§ **Action item**: Leave out any pictures and transcribe all other data below exactly.

§ **Data shown**:
----------------

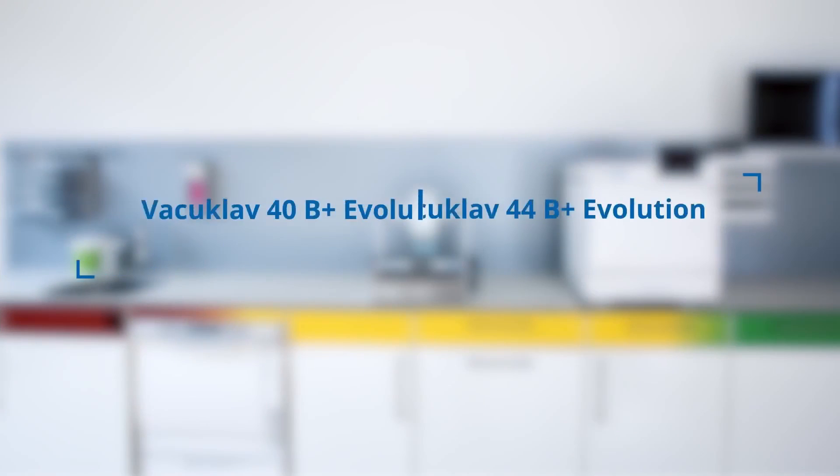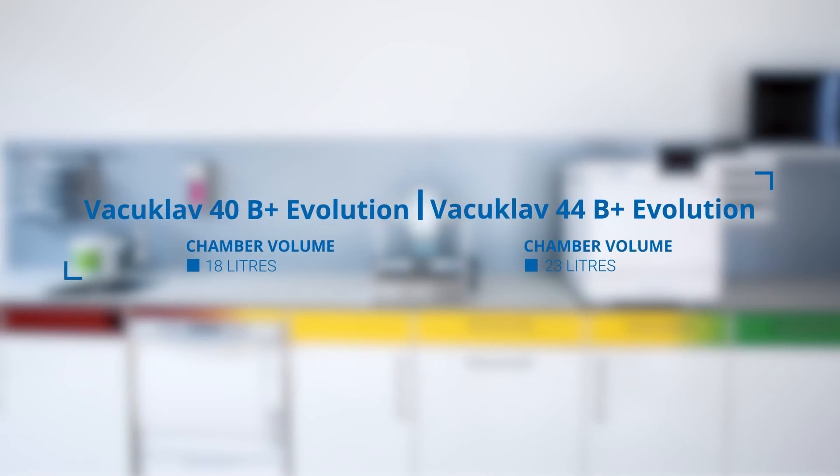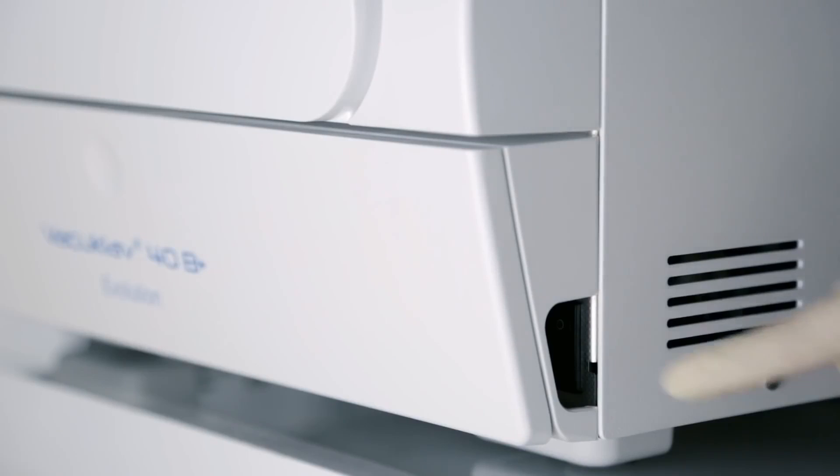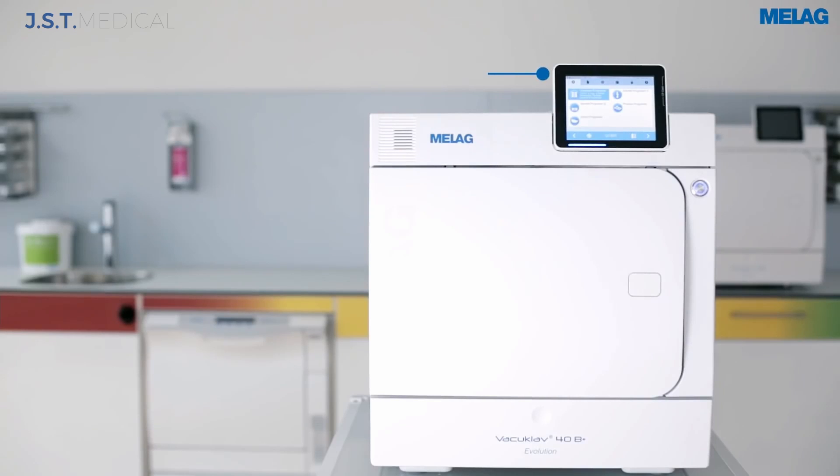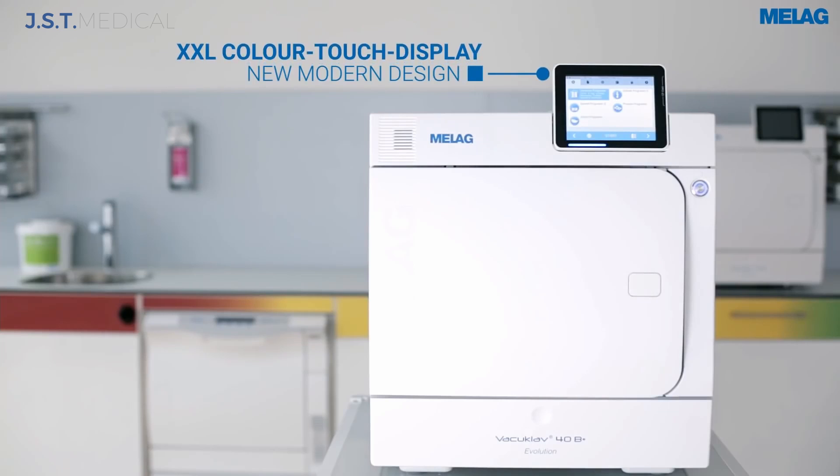Miele offer two fully plumbed units in the Evolution Benchtop range: the 40B and the 44B. The 40B is an 18-litre chamber with a tray length of 29 centimetres, while the 44B is a 23-litre chamber with a tray length of 42 centimetres.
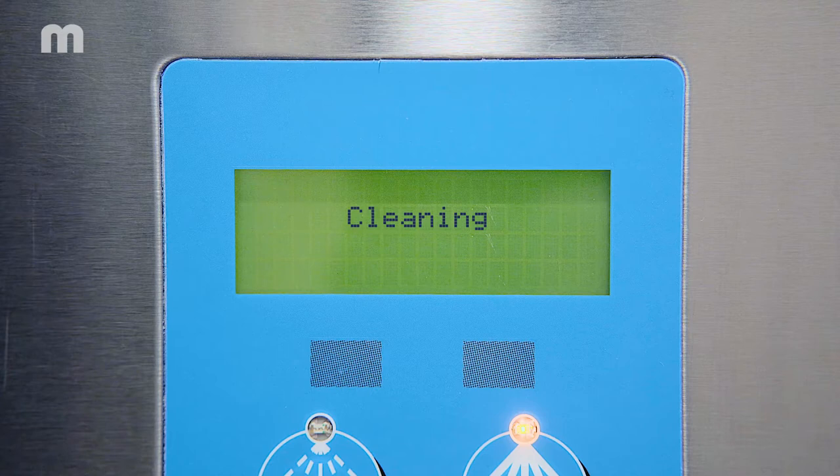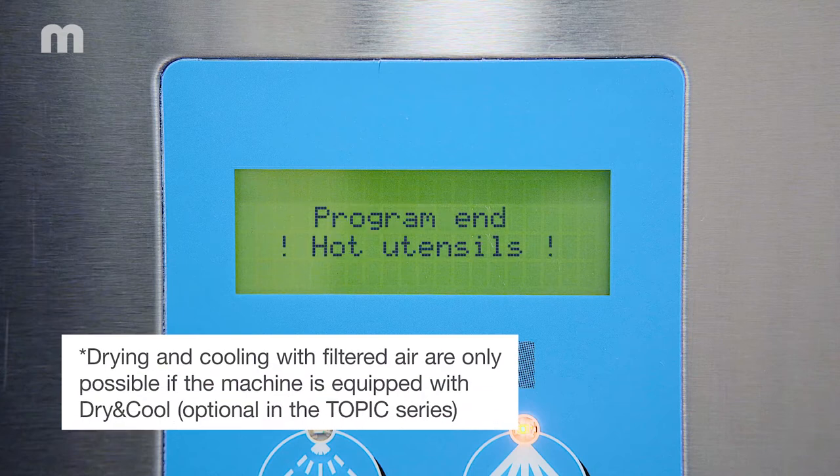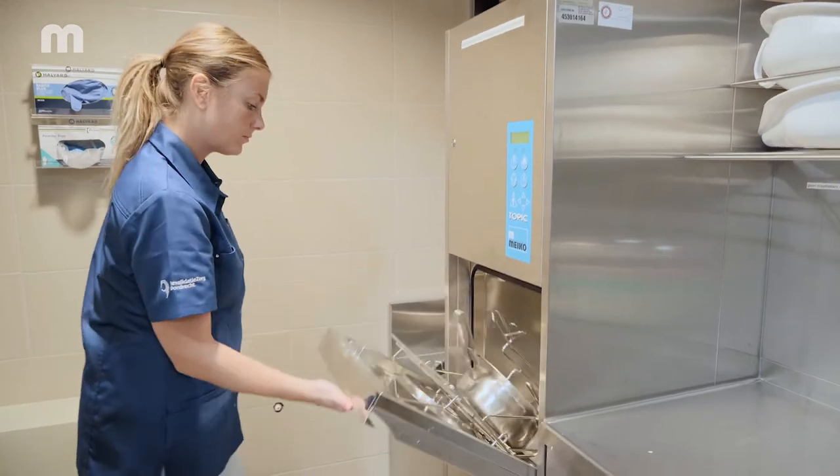When the appliance starts, the care utensils inside are automatically cleaned, disinfected, dried and cooled. The AO value is adjustable and can be set from 60 to 3000.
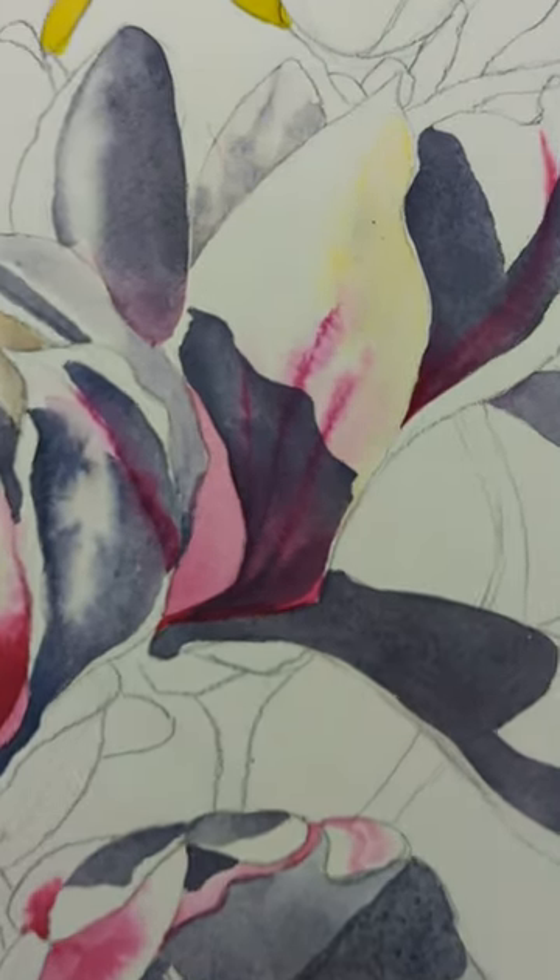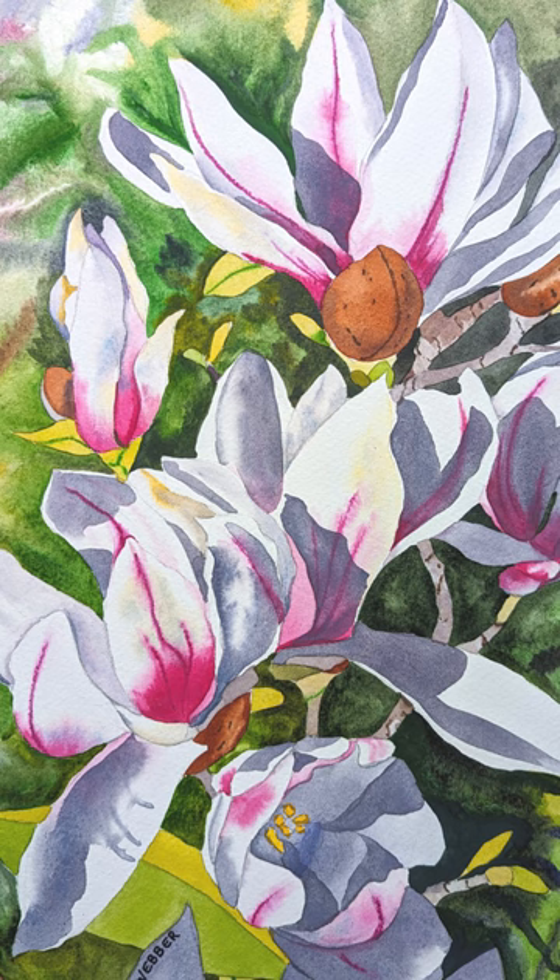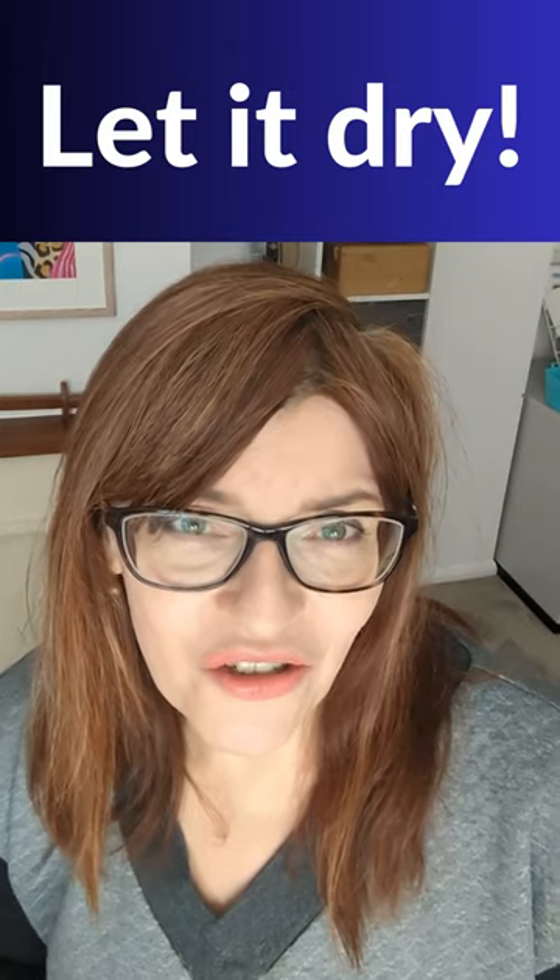You can see me doing this here on my magnolias painting. Don't forget to take a look at my main channel for hundreds of free watercolor tutorials.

----------------

§ **Written solution**:
Miele offer two fully plumbed units in the Evolution Benchtop range: the 40B and the 44B. The 40B is an 18-litre chamber with a tray length of 29 centimetres, while the 44B is a 23-litre chamber with a tray length of 42 centimetres.
When the appliance starts, the care utensils inside are automatically cleaned, disinfected, dried and cooled. The AO value is adjustable and can be set from 60 to 3000.
You can see me doing this here on my magnolias painting. Don't forget to take a look at my main channel for hundreds of free watercolor tutorials.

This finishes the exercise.